Entries taken from a collection:
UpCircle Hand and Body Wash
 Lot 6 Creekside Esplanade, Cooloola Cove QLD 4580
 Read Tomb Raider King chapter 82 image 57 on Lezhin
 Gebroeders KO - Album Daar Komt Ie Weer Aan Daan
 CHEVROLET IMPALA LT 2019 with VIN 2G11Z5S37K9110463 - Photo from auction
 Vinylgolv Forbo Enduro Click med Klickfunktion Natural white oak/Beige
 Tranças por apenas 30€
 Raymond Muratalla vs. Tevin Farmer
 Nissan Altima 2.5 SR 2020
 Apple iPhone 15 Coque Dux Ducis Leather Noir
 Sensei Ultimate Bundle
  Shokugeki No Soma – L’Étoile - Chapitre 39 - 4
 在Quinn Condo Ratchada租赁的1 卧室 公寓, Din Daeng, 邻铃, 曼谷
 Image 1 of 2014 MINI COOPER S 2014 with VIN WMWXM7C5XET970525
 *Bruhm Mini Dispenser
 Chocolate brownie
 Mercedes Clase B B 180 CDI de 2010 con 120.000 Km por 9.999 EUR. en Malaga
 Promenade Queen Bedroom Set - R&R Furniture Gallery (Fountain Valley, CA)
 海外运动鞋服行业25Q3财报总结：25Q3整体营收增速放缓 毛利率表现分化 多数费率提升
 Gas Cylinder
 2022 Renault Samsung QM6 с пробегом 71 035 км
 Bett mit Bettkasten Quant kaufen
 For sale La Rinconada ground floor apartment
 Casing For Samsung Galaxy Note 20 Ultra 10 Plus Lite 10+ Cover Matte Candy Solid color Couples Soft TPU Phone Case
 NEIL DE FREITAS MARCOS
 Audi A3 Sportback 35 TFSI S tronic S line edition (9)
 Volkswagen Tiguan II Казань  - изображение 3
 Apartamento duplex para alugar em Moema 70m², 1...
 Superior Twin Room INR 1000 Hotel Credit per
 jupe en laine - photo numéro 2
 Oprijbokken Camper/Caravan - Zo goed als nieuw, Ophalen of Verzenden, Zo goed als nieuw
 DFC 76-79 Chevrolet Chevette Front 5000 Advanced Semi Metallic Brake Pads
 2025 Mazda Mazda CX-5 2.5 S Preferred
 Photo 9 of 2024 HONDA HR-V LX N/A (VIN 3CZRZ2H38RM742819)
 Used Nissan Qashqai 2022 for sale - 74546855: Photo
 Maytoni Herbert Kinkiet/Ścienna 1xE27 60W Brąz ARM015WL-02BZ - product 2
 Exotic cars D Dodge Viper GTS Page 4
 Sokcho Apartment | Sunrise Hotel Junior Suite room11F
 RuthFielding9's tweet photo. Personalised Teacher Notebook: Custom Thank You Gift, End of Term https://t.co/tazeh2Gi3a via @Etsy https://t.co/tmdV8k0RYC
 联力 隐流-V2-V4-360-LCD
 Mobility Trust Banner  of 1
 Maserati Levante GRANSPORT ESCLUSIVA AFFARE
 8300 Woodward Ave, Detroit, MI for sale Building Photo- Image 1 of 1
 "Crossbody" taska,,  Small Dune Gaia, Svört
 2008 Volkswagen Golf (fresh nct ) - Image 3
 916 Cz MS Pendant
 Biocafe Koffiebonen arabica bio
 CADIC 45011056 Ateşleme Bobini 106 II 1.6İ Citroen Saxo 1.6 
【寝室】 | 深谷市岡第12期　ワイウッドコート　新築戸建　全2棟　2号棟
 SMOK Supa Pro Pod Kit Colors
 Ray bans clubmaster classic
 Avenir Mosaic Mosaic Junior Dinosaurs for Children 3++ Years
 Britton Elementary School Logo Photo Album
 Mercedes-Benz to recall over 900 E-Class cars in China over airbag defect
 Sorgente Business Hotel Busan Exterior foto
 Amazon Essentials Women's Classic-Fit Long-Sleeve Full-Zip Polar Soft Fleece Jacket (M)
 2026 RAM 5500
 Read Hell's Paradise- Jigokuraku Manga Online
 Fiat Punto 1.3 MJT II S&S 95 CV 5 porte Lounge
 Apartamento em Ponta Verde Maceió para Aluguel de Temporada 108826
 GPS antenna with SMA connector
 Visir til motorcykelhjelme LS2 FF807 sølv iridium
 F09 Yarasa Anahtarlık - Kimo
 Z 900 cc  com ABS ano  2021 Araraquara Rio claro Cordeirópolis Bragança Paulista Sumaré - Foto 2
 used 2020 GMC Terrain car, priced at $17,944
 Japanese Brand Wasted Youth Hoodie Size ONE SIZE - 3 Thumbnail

• **Directions for this task**
Each record must appear again, word for word.

• **Answer to this problem**
UpCircle Hand and Body Wash
 Lot 6 Creekside Esplanade, Cooloola Cove QLD 4580
 Read Tomb Raider King chapter 82 image 57 on Lezhin
 Gebroeders KO - Album Daar Komt Ie Weer Aan Daan
 CHEVROLET IMPALA LT 2019 with VIN 2G11Z5S37K9110463 - Photo from auction
 Vinylgolv Forbo Enduro Click med Klickfunktion Natural white oak/Beige
 Tranças por apenas 30€
 Raymond Muratalla vs. Tevin Farmer
 Nissan Altima 2.5 SR 2020
 Apple iPhone 15 Coque Dux Ducis Leather Noir
 Sensei Ultimate Bundle
  Shokugeki No Soma – L’Étoile - Chapitre 39 - 4
 在Quinn Condo Ratchada租赁的1 卧室 公寓, Din Daeng, 邻铃, 曼谷
 Image 1 of 2014 MINI COOPER S 2014 with VIN WMWXM7C5XET970525
 *Bruhm Mini Dispenser
 Chocolate brownie
 Mercedes Clase B B 180 CDI de 2010 con 120.000 Km por 9.999 EUR. en Malaga
 Promenade Queen Bedroom Set - R&R Furniture Gallery (Fountain Valley, CA)
 海外运动鞋服行业25Q3财报总结：25Q3整体营收增速放缓 毛利率表现分化 多数费率提升
 Gas Cylinder
 2022 Renault Samsung QM6 с пробегом 71 035 км
 Bett mit Bettkasten Quant kaufen
 For sale La Rinconada ground floor apartment
 Casing For Samsung Galaxy Note 20 Ultra 10 Plus Lite 10+ Cover Matte Candy Solid color Couples Soft TPU Phone Case
 NEIL DE FREITAS MARCOS
 Audi A3 Sportback 35 TFSI S tronic S line edition (9)
 Volkswagen Tiguan II Казань  - изображение 3
 Apartamento duplex para alugar em Moema 70m², 1...
 Superior Twin Room INR 1000 Hotel Credit per
 jupe en laine - photo numéro 2
 Oprijbokken Camper/Caravan - Zo goed als nieuw, Ophalen of Verzenden, Zo goed als nieuw
 DFC 76-79 Chevrolet Chevette Front 5000 Advanced Semi Metallic Brake Pads
 2025 Mazda Mazda CX-5 2.5 S Preferred
 Photo 9 of 2024 HONDA HR-V LX N/A (VIN 3CZRZ2H38RM742819)
 Used Nissan Qashqai 2022 for sale - 74546855: Photo
 Maytoni Herbert Kinkiet/Ścienna 1xE27 60W Brąz ARM015WL-02BZ - product 2
 Exotic cars D Dodge Viper GTS Page 4
 Sokcho Apartment | Sunrise Hotel Junior Suite room11F
 RuthFielding9's tweet photo. Personalised Teacher Notebook: Custom Thank You Gift, End of Term https://t.co/tazeh2Gi3a via @Etsy https://t.co/tmdV8k0RYC
 联力 隐流-V2-V4-360-LCD
 Mobility Trust Banner  of 1
 Maserati Levante GRANSPORT ESCLUSIVA AFFARE
 8300 Woodward Ave, Detroit, MI for sale Building Photo- Image 1 of 1
 "Crossbody" taska,,  Small Dune Gaia, Svört
 2008 Volkswagen Golf (fresh nct ) - Image 3
 916 Cz MS Pendant
 Biocafe Koffiebonen arabica bio
 CADIC 45011056 Ateşleme Bobini 106 II 1.6İ Citroen Saxo 1.6 
【寝室】 | 深谷市岡第12期　ワイウッドコート　新築戸建　全2棟　2号棟
 SMOK Supa Pro Pod Kit Colors
 Ray bans clubmaster classic
 Avenir Mosaic Mosaic Junior Dinosaurs for Children 3++ Years
 Britton Elementary School Logo Photo Album
 Mercedes-Benz to recall over 900 E-Class cars in China over airbag defect
 Sorgente Business Hotel Busan Exterior foto
 Amazon Essentials Women's Classic-Fit Long-Sleeve Full-Zip Polar Soft Fleece Jacket (M)
 2026 RAM 5500
 Read Hell's Paradise- Jigokuraku Manga Online
 Fiat Punto 1.3 MJT II S&S 95 CV 5 porte Lounge
 Apartamento em Ponta Verde Maceió para Aluguel de Temporada 108826
 GPS antenna with SMA connector
 Visir til motorcykelhjelme LS2 FF807 sølv iridium
 F09 Yarasa Anahtarlık - Kimo
 Z 900 cc  com ABS ano  2021 Araraquara Rio claro Cordeirópolis Bragança Paulista Sumaré - Foto 2
 used 2020 GMC Terrain car, priced at $17,944
 Japanese Brand Wasted Youth Hoodie Size ONE SIZE - 3 Thumbnail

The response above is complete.